Andrea Polli’s practice empowers citizens to effect positive local change by harnessing the photographically inspired tools used in environmental data visualization. Using something as basic as a camera phone, she invites us all to investigate the impact of our current energy choices on the environment.
Polli launched her project at the museum in November 2016 with an artist talk Making of Energy Flow on the Rachel Carson Bridge in which she presented and contextualized her interdisciplinary practice. In January 2017, Polli led workshops, Making the Invisible Visible, An Environmental Challenge and Light, Energy, and Environmental Sensing—A Responsive Vision for Public Art that examined how we sense and experience environmental data. Participants analyzed data about light and air using tools such as the sensors on smartphones and considered how the visualization of data could be used to inspire action on pressing environmental concerns. Polli will document these workshops, as well as past and current public art projects such as Particle Falls and Energy Flow, in an artist book launching in December 2017.
Workshop: Making the Invisible Visible, An EnvironMENTAL Challenge
During this single-session public workshop, Polli shared some insights as well as her process behind the creation of Energy Flow, a large-scale light artwork and wind power nano-grid on Pittsburgh’s Rachel Carson Bridge. Polli and her team guided participants through various visualization strategies to imagine inventive, aesthetic, and informative lighting design concepts for public structures. The workshop concluded at the Rachel Carson Bridge, where Polli discussed the environmental science, artistic choices, data gathering, and computing behind the creation of the work.
Workshop: Light, Energy, and Environmental Sensing—A Responsive Vision for Public Art
This artist-led, multi-session workshop took an active approach to engaging the public with environmental issues by focusing on the Bellefield Boiler Plant, or “cloud factory”, located behind the museum. The plant is transitioning to hybrid energy production and is an ideal site for data collection (on pollution, energy, weather, and climate) as well as public presentation of this data through creative visualization.
The workshop began with a guided tour of the Plant.

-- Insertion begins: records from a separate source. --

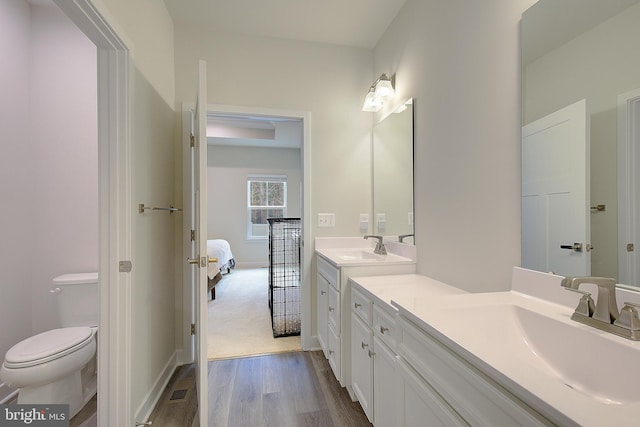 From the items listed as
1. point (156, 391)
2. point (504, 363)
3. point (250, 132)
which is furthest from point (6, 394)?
point (250, 132)

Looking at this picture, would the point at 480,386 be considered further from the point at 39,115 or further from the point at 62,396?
the point at 39,115

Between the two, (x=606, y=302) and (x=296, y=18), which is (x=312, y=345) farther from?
(x=296, y=18)

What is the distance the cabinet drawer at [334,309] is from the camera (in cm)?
176

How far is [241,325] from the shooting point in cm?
290

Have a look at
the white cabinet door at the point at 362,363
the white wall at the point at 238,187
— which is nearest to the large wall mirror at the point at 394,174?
the white cabinet door at the point at 362,363

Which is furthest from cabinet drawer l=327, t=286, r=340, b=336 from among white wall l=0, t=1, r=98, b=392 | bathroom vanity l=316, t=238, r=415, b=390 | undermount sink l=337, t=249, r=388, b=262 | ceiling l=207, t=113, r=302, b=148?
ceiling l=207, t=113, r=302, b=148

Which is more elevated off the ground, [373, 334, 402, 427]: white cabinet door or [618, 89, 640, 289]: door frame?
[618, 89, 640, 289]: door frame

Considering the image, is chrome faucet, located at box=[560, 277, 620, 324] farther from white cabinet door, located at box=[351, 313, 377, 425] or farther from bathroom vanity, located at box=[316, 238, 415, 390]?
bathroom vanity, located at box=[316, 238, 415, 390]

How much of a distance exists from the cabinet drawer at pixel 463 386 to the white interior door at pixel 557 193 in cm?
59

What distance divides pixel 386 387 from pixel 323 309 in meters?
0.95

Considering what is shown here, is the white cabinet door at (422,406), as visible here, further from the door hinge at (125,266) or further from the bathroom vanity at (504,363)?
the door hinge at (125,266)

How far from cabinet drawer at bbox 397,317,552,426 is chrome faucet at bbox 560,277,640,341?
0.39 m

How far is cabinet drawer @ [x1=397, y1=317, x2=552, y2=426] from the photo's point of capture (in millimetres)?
555

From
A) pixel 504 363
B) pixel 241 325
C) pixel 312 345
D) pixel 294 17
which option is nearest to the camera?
pixel 504 363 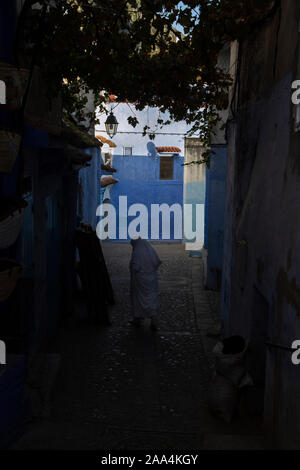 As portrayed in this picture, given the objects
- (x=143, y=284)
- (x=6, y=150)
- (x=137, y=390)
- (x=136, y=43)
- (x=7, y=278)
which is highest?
(x=136, y=43)

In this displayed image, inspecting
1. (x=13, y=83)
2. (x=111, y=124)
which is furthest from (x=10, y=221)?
(x=111, y=124)

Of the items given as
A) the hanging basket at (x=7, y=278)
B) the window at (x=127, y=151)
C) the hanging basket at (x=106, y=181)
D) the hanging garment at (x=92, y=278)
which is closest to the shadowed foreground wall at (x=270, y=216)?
the hanging basket at (x=7, y=278)

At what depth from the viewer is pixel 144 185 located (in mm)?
25344

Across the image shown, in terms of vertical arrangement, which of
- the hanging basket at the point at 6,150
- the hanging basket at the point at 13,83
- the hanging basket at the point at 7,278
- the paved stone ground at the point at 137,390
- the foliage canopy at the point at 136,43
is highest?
the foliage canopy at the point at 136,43

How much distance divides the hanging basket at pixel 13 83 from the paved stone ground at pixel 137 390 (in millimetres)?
2981

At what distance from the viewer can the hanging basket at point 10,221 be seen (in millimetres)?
4242

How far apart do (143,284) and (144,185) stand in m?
16.0

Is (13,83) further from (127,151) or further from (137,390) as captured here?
(127,151)

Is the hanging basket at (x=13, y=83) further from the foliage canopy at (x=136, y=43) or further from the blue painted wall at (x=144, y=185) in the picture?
the blue painted wall at (x=144, y=185)

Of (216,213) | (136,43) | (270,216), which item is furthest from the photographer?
(216,213)

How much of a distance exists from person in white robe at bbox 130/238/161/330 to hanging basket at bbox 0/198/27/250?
5118 mm

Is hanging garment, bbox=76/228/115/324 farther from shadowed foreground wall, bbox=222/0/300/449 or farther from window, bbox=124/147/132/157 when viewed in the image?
window, bbox=124/147/132/157

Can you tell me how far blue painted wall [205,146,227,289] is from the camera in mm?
12414

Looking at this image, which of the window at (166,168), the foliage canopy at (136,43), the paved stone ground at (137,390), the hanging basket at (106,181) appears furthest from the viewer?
the window at (166,168) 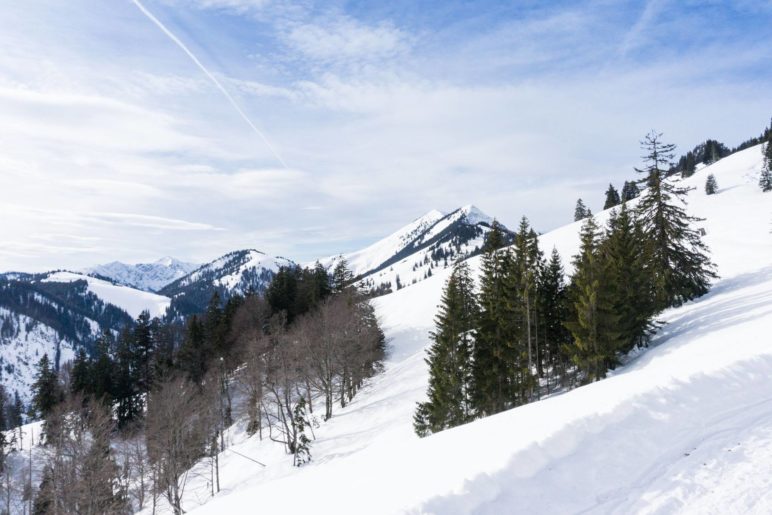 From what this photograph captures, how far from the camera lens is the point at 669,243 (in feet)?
102

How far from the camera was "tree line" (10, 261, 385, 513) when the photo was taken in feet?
96.7

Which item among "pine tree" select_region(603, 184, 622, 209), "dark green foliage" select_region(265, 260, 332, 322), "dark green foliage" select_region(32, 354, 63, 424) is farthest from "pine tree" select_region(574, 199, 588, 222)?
"dark green foliage" select_region(32, 354, 63, 424)

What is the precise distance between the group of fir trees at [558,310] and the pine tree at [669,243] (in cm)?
8

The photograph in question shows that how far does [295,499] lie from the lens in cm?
906

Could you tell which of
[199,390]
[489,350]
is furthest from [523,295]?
[199,390]

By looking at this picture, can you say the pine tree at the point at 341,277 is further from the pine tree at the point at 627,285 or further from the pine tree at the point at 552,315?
the pine tree at the point at 627,285

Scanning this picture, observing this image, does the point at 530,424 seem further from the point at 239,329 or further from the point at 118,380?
the point at 118,380

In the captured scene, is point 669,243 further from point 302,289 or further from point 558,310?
point 302,289

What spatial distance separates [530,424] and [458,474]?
3120mm

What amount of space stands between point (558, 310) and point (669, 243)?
9.39 m

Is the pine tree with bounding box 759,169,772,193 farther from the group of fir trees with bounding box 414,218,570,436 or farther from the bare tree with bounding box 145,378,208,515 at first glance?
the bare tree with bounding box 145,378,208,515

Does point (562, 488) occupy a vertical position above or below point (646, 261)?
below

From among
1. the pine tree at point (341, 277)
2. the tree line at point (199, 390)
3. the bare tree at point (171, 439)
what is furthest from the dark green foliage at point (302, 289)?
the bare tree at point (171, 439)

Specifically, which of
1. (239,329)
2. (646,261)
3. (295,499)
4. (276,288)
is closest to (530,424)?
(295,499)
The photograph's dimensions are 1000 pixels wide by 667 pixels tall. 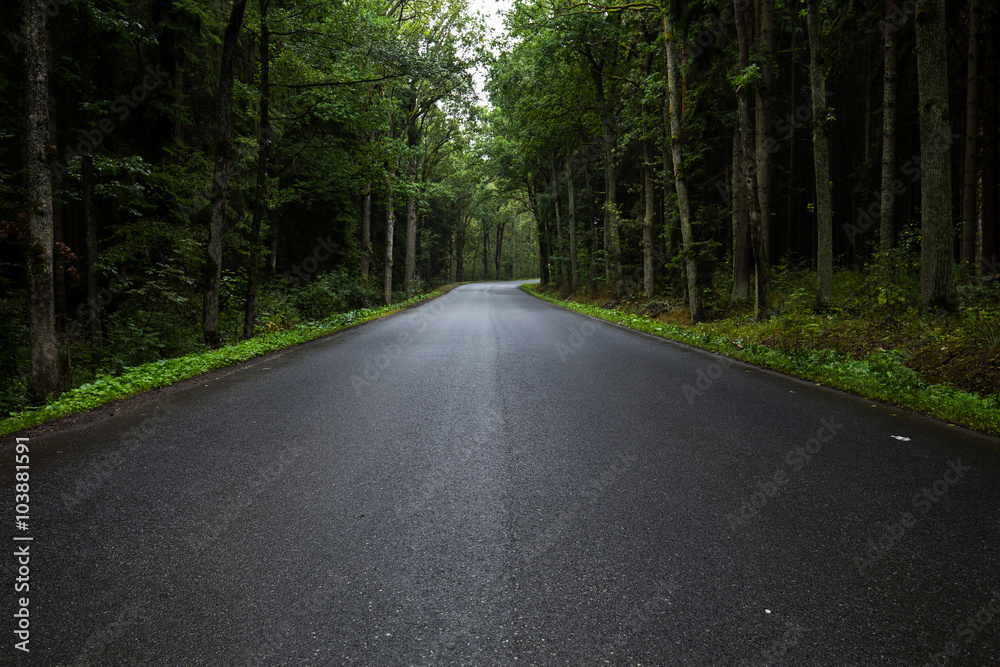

Over the course of four days, Polli and guest presenters guided participants through a design thinking “boot camp”; discussed idea generation and design solutions; explored activism and best practices for public engagement with important issues; and shared tools for effective data gathering.
Participants worked collaboratively to brainstorm, develop, and present solutions that envisioned the Plant as a site for imaginative data visualization. On the last day, each team shared their findings at a public discussion with invited respondents Dee Briggs, Lori Hepner, Alison Langmead, and Dutch MacDonald.